- Provided material:
[Start of Attachment]

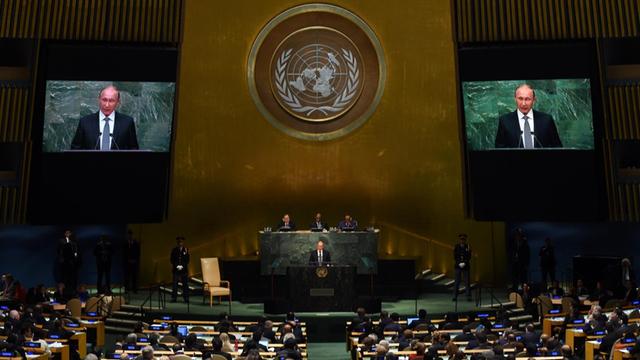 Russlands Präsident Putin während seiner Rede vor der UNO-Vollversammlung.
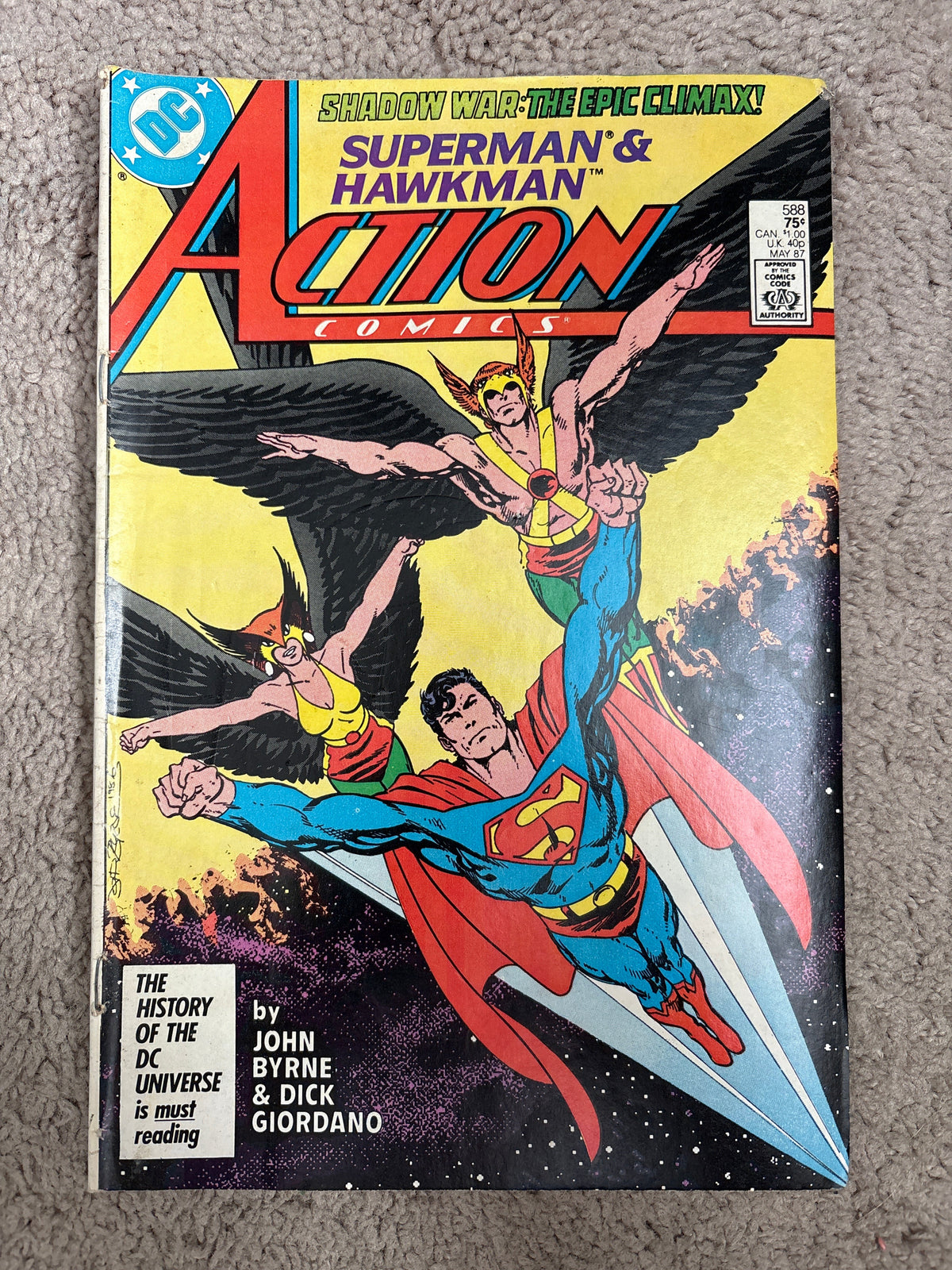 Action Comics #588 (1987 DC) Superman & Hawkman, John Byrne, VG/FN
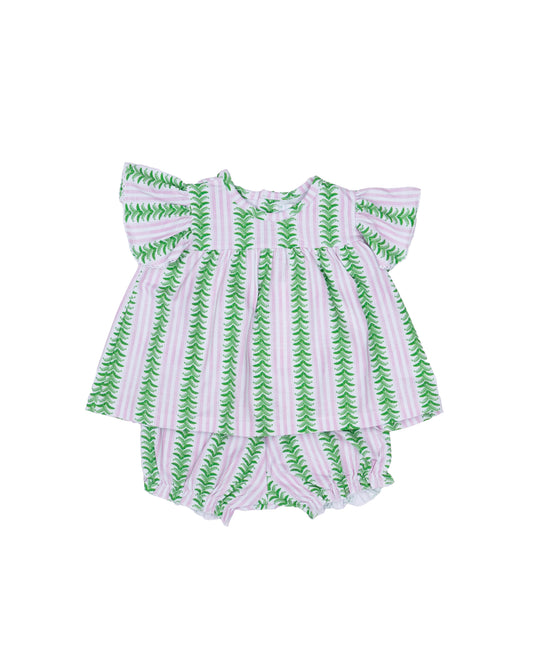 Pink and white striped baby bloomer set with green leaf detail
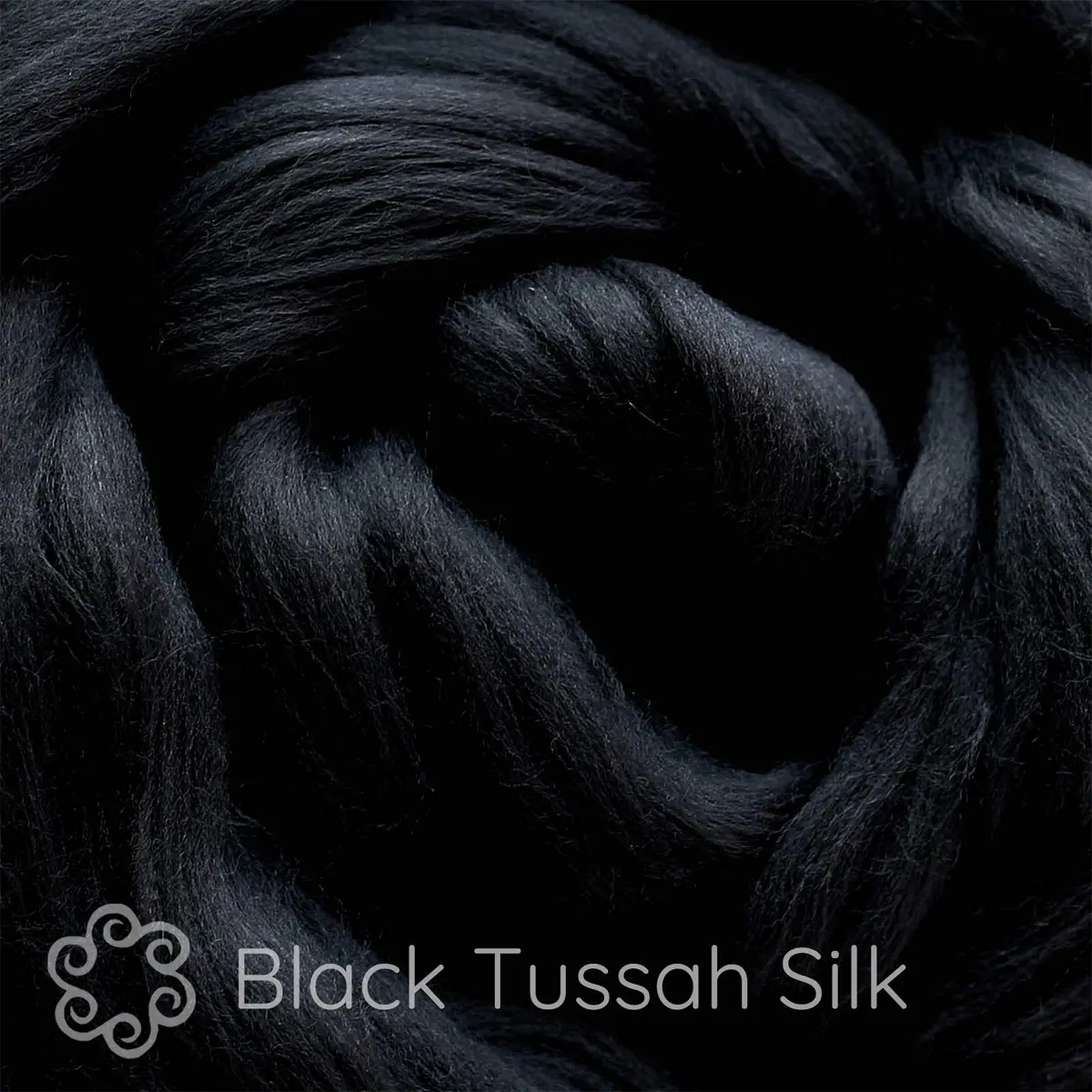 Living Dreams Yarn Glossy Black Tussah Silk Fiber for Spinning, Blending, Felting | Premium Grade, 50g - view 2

[End of Attachment]

- Exercise directions: Could the lines from the one with "Action Comics #588" through the last line of the material above be written out exactly, both included, with pictures left out?

- Your solution:
 Action Comics #588 (1987 DC) Superman & Hawkman, John Byrne, VG/FN
 Pink and white striped baby bloomer set with green leaf detail
 Living Dreams Yarn Glossy Black Tussah Silk Fiber for Spinning, Blending, Felting | Premium Grade, 50g - view 2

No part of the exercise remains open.